When writing out the entries below, keep only the lines from the line with "Antonio suede sandals - Image 4" to the line with "Колесо (250 мм;", both included, exactly as they are, and leave the pictures aside.

▶ Task material

_____

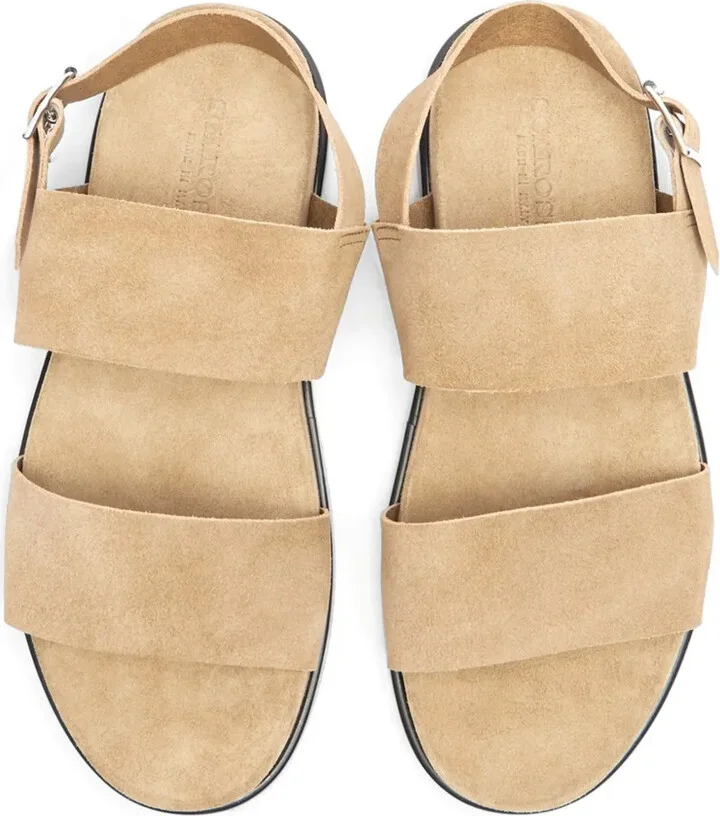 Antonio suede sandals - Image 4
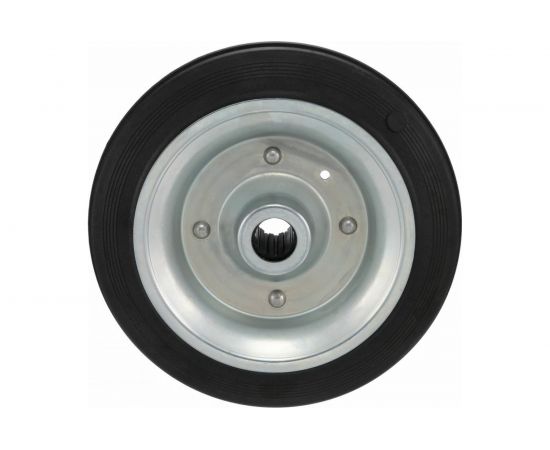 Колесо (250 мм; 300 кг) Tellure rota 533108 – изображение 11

_____

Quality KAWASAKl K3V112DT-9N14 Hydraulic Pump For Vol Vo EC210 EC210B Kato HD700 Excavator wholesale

_____

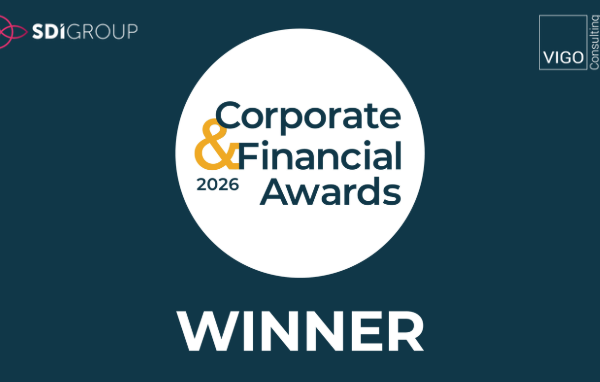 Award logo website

_____

▶ Result of the exercise
 Antonio suede sandals - Image 4
 Колесо (250 мм; 300 кг) Tellure rota 533108 – изображение 11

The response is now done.